French banks cut lending by $200 billion in fourth quarter - BIS
LONDON (Reuters) - French banks cut their overseas lending by almost $200 billion (130 billion pounds) in the final quarter of last year, adding to an even sharper retreat in the previous three months and highlighting the scale of their loan pull-back, international lending data show.
The Bank for International Settlements (BIS), which charts cross-border borrowing around the world, said French banks cut their cross-border lending by $197 billion in the fourth quarter, or 5.3 percent.
That followed an even steeper drop of 7.1 percent in the previous quarter, the sharpest fall by French banks for at least 12 years, the BIS said.
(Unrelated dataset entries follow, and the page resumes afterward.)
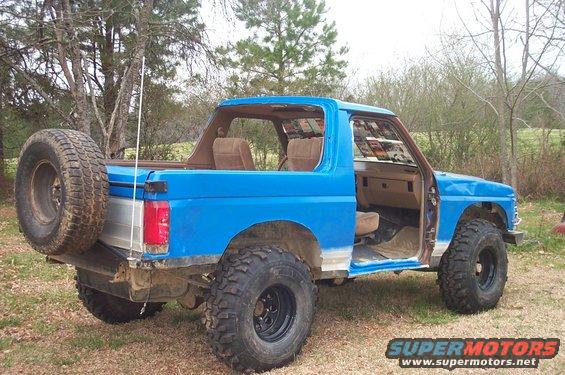 Blue 1987 Ford Bronco with spare tire on rear, lifted suspension, and removed doors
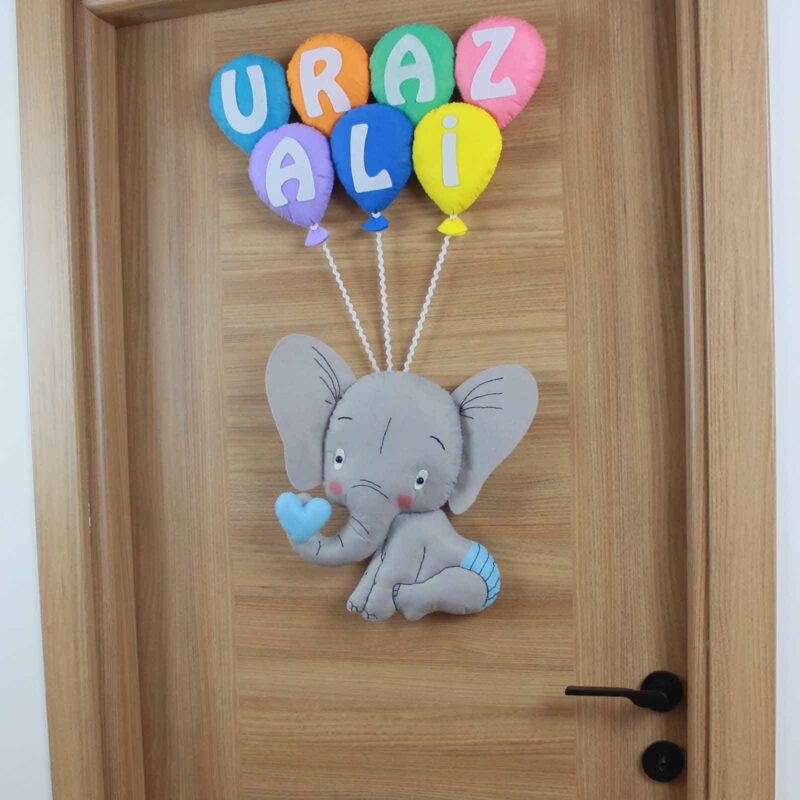 Uraz Ali isimli Filli Bebek Kapı Süsü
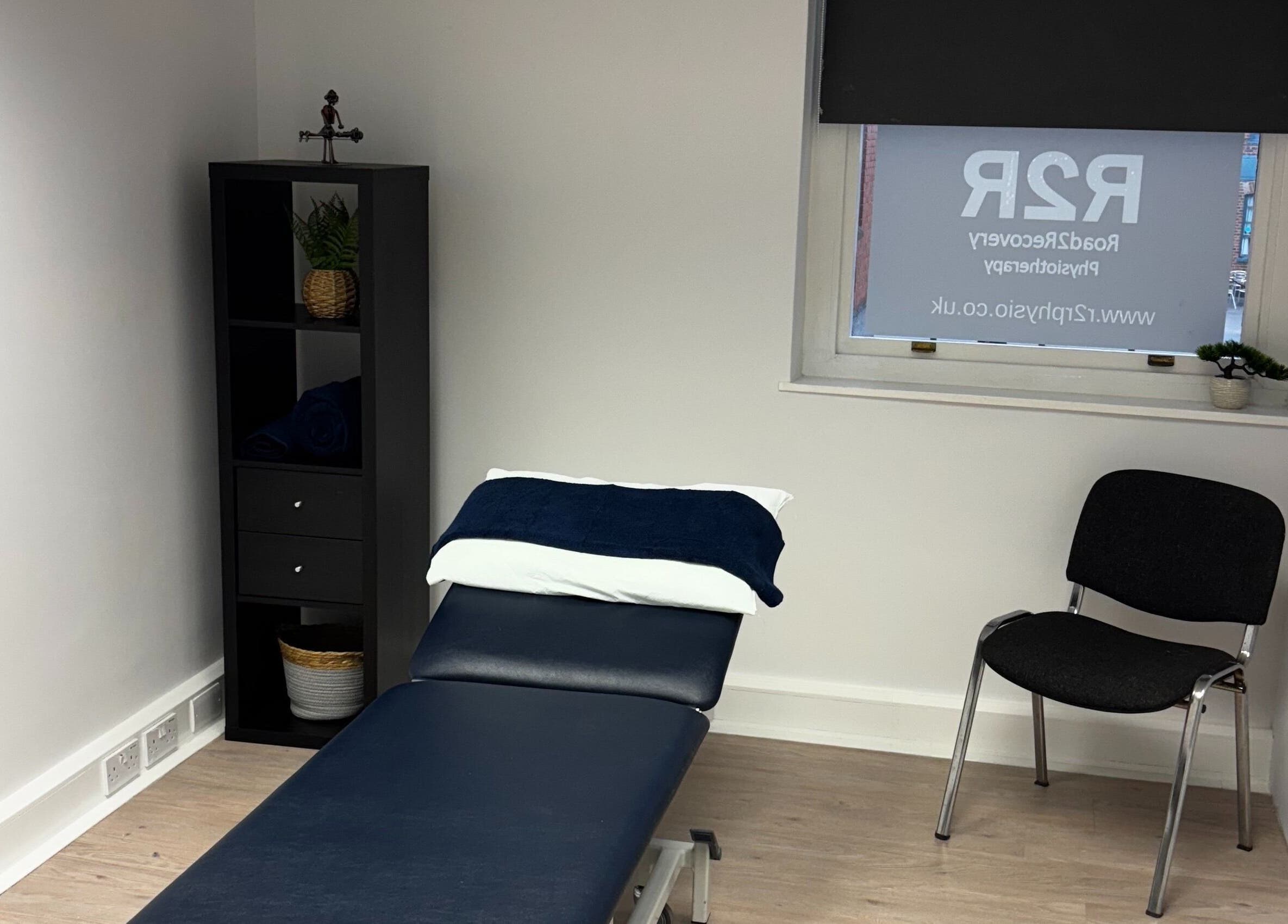 Therapy room at R2R Physiotherapy Braintree, Braintree, England, GB showing a massage table and chair.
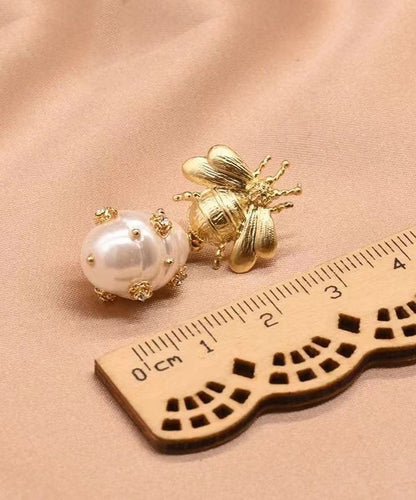 Pendientes colgantes con forma de abeja y perla de circonitas y cobre dorado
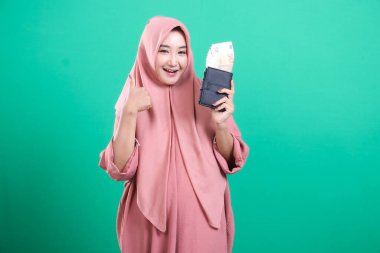 Tesettürlü neşeli Müslüman kadın yeşil bir arka planda izole edilmiş mali başarıyı sembolize eden para dolu bir cüzdanla başarı gösteriyor. Bu resim olumlu finansal beklentiler ve refahı gösteriyor.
BNP Paribas (BNPP.PA), Societe Generale (SOGN.PA) and others in France and around Europe are shrinking their loan books to meet tougher rules on capital requirements. But the pace of shrinking, or "deleveraging", is raising concern it will choke off Europe's recovery attempts.
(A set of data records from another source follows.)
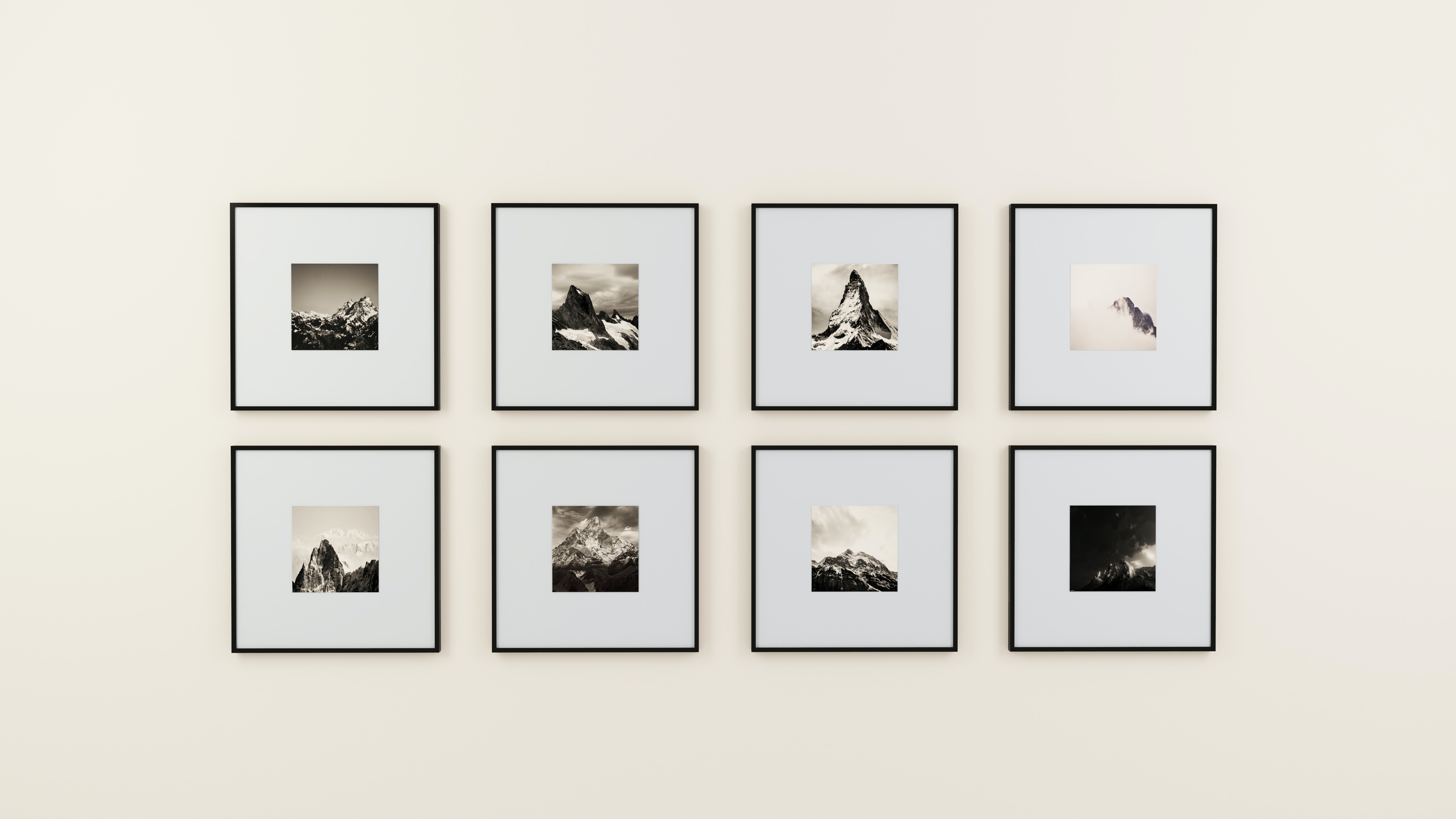 A gallery wall with multiple hanging photographs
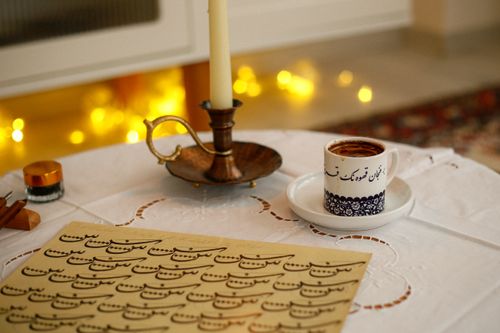 Free A decorative calligraphy set with a candle and coffee cup on a table, creating a warm ambiance. Stock Photo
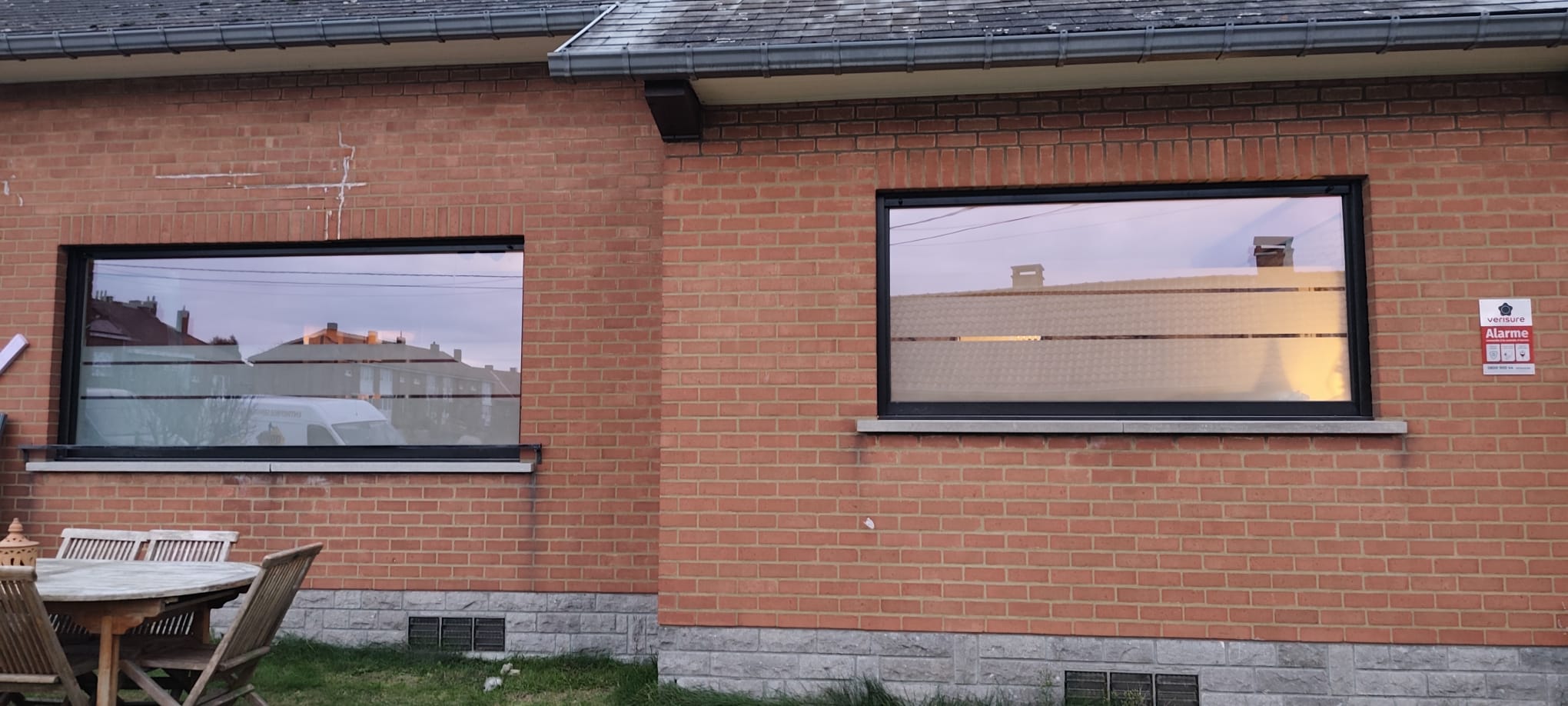 Façade en briques avec châssis foncé installé par VB Pro Châssis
Global lending by banks fell $799 billion in the fourth quarter, or 2.5 percent, the biggest fall since the drop seen after the collapse of U.S. investment bank Lehman Brothers three years ago, the BIS data show.
It was led by deleveraging by banks based in the euro zone, which cut lending by $584 billion in the fourth quarter, or 4.7 percent.
In addition to the French lending retreat, there were also steep drops by banks in Spain ($35 billion, or 5.3 percent), Germany ($181 billion, or 4.7 percent) and Italy ($32 billion, or 3.5 percent), the BIS data show.
Most of the contraction was in lending to other banks, which accounted for $637 billion of the global decline, as international banks cut loans to banks in the euro zone. Lending to companies and other non-banks dropped by $162 billion.